> **EXERCISE DETAILS**: The required output is the whole listing below, unchanged.

+--

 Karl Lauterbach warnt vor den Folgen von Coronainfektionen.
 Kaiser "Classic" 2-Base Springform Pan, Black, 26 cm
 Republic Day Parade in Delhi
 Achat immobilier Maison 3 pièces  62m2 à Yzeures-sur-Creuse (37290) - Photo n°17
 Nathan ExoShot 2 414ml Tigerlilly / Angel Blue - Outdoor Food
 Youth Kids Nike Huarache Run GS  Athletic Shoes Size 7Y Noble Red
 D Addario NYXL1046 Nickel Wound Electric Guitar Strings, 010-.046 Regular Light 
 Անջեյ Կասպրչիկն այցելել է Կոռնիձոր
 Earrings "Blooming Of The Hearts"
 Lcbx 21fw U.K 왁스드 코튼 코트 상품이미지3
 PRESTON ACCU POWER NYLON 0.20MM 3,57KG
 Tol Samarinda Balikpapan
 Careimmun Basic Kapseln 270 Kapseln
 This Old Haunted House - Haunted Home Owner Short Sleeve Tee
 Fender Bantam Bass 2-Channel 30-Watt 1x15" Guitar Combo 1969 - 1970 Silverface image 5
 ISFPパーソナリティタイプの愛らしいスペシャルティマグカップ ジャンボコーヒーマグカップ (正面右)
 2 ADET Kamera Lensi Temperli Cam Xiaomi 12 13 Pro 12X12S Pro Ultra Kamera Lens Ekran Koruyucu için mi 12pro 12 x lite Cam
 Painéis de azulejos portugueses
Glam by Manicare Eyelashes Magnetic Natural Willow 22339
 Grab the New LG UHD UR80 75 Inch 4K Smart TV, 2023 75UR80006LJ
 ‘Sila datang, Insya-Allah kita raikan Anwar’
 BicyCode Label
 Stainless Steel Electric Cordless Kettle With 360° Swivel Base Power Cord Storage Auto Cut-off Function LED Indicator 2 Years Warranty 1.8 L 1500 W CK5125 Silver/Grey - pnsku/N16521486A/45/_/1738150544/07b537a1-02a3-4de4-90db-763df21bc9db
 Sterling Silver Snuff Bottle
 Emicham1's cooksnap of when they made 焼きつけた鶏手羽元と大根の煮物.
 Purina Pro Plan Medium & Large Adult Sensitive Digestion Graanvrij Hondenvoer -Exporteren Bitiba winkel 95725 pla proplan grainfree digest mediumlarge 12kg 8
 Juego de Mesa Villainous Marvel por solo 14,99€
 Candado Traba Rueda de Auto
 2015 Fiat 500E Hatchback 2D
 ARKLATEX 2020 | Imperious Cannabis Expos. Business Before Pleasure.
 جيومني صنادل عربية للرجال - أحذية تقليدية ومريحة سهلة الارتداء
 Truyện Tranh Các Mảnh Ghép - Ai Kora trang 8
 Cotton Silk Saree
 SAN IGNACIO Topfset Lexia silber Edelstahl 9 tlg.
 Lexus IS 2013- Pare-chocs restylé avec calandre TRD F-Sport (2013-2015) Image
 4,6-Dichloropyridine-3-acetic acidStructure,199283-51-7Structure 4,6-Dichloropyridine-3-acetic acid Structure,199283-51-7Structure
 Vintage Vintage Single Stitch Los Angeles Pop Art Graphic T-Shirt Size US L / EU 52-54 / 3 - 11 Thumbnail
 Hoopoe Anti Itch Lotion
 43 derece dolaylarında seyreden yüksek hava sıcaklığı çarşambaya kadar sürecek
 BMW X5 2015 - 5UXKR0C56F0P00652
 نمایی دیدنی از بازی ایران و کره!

+--

> **ANSWER TO THIS TASK**:
 Karl Lauterbach warnt vor den Folgen von Coronainfektionen.
 Kaiser "Classic" 2-Base Springform Pan, Black, 26 cm
 Republic Day Parade in Delhi
 Achat immobilier Maison 3 pièces  62m2 à Yzeures-sur-Creuse (37290) - Photo n°17
 Nathan ExoShot 2 414ml Tigerlilly / Angel Blue - Outdoor Food
 Youth Kids Nike Huarache Run GS  Athletic Shoes Size 7Y Noble Red
 D Addario NYXL1046 Nickel Wound Electric Guitar Strings, 010-.046 Regular Light 
 Անջեյ Կասպրչիկն այցելել է Կոռնիձոր
 Earrings "Blooming Of The Hearts"
 Lcbx 21fw U.K 왁스드 코튼 코트 상품이미지3
 PRESTON ACCU POWER NYLON 0.20MM 3,57KG
 Tol Samarinda Balikpapan
 Careimmun Basic Kapseln 270 Kapseln
 This Old Haunted House - Haunted Home Owner Short Sleeve Tee
 Fender Bantam Bass 2-Channel 30-Watt 1x15" Guitar Combo 1969 - 1970 Silverface image 5
 ISFPパーソナリティタイプの愛らしいスペシャルティマグカップ ジャンボコーヒーマグカップ (正面右)
 2 ADET Kamera Lensi Temperli Cam Xiaomi 12 13 Pro 12X12S Pro Ultra Kamera Lens Ekran Koruyucu için mi 12pro 12 x lite Cam
 Painéis de azulejos portugueses
Glam by Manicare Eyelashes Magnetic Natural Willow 22339
 Grab the New LG UHD UR80 75 Inch 4K Smart TV, 2023 75UR80006LJ
 ‘Sila datang, Insya-Allah kita raikan Anwar’
 BicyCode Label
 Stainless Steel Electric Cordless Kettle With 360° Swivel Base Power Cord Storage Auto Cut-off Function LED Indicator 2 Years Warranty 1.8 L 1500 W CK5125 Silver/Grey - pnsku/N16521486A/45/_/1738150544/07b537a1-02a3-4de4-90db-763df21bc9db
 Sterling Silver Snuff Bottle
 Emicham1's cooksnap of when they made 焼きつけた鶏手羽元と大根の煮物.
 Purina Pro Plan Medium & Large Adult Sensitive Digestion Graanvrij Hondenvoer -Exporteren Bitiba winkel 95725 pla proplan grainfree digest mediumlarge 12kg 8
 Juego de Mesa Villainous Marvel por solo 14,99€
 Candado Traba Rueda de Auto
 2015 Fiat 500E Hatchback 2D
 ARKLATEX 2020 | Imperious Cannabis Expos. Business Before Pleasure.
 جيومني صنادل عربية للرجال - أحذية تقليدية ومريحة سهلة الارتداء
 Truyện Tranh Các Mảnh Ghép - Ai Kora trang 8
 Cotton Silk Saree
 SAN IGNACIO Topfset Lexia silber Edelstahl 9 tlg.
 Lexus IS 2013- Pare-chocs restylé avec calandre TRD F-Sport (2013-2015) Image
 4,6-Dichloropyridine-3-acetic acidStructure,199283-51-7Structure 4,6-Dichloropyridine-3-acetic acid Structure,199283-51-7Structure
 Vintage Vintage Single Stitch Los Angeles Pop Art Graphic T-Shirt Size US L / EU 52-54 / 3 - 11 Thumbnail
 Hoopoe Anti Itch Lotion
 43 derece dolaylarında seyreden yüksek hava sıcaklığı çarşambaya kadar sürecek
 BMW X5 2015 - 5UXKR0C56F0P00652
 نمایی دیدنی از بازی ایران و کره!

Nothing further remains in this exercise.